The two competing facets of Smith's unique game came to a head late in Game 3 on Friday night when he appeared to intentionally swing his elbow at Jason Terry, hitting the Celtics guard in the head. That prompted Smith's immediate ejection.
As Smith left the court, Knicks coach Mike Woodson said he told Smith that he's "just got to keep his cool." The Knicks were fortunate that Smith -- their second-best scoring option -- was ejected late in a game that already was virtually decided, limiting its potential impact.
On Saturday, after going through a tape session with his players at the team hotel, Woodson reiterated the message he's been preaching all season about players keeping their emotions in check on the court, adding that he's "always in J.R.'s ear" on the subject.
But the Knicks' coach stopped short of publicly criticizing Smith for this specific play.
Instead, after watching it on tape, Woodson suggested that Smith's flagrant 2 foul wasn't as bad as it might have seemed. "I don't think he was trying to hurt anyone last night," he said before the suspension was announced. "It looked like a basketball player trying to clear space to me."
Smith wasn't available for comment yesterday but said after the game that he was trying to induce contact and draw a foul and didn't mean to hit Terry.
The Celtics saw it differently, of course.

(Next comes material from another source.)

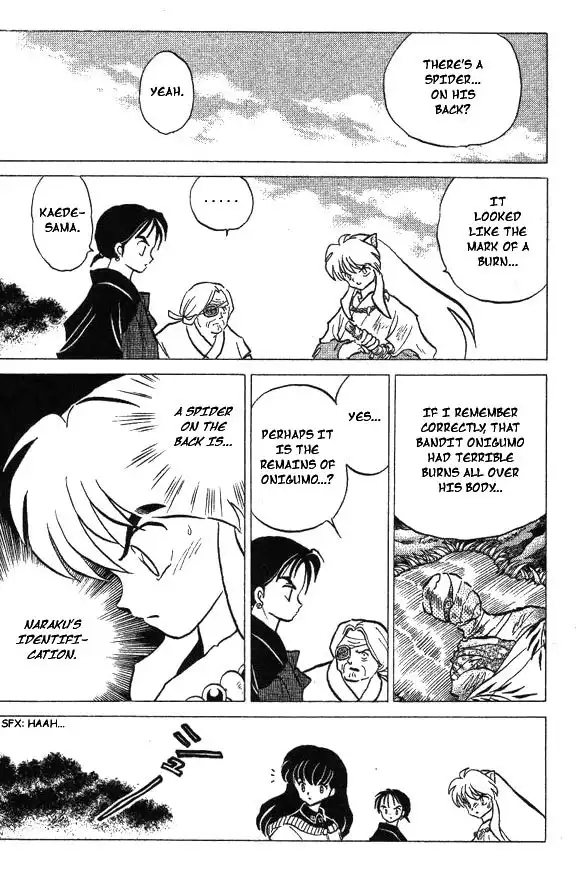 Inuyasha Chapter 72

Coach Doc Rivers said after the game, "I wish I was still playing," presumably so he could have taken care of the situation on the court.
Woodson opted not to respond to that comment. "Doc and I are good friends," he said. "He speaks his mind and I'm going to speak mine and we'll keep it moving."
Before the suspension was announced, Smith's teammates also came to his defense.
Tyson Chandler said he didn't see Smith's elbow-swing as a sign of immaturity but as a hard basketball play in a tense game.
"It was kind of a heat-of-the-moment thing and trying to create space," Chandler said. "And it looked bad . . . I don't think his intentions were the way they seemed."
Carmelo Anthony said Smith "felt bad" about getting himself ejected from a playoff game and expressed that sentiment to his teammates afterward.
"To us, he handled it the right way," Anthony said. "He said what he had to say to us . . . We accepted and we moved on."
To Smith's credit, he walked away immediately after Terry went down on the court, so the situation never really had a chance to escalate.
"He obviously didn't expect to get tossed out of the game, but it's a learning experience because we need him on the floor," Chandler said. "And he's one of our big-time scorers and threats. He understands that."
Added Woodson, "Sometimes during the heat of the battle, things happen on the court. That's basketball. That happens. But it can't fester and linger on. We just have to keep it moving and get ready for the next game and the next possession."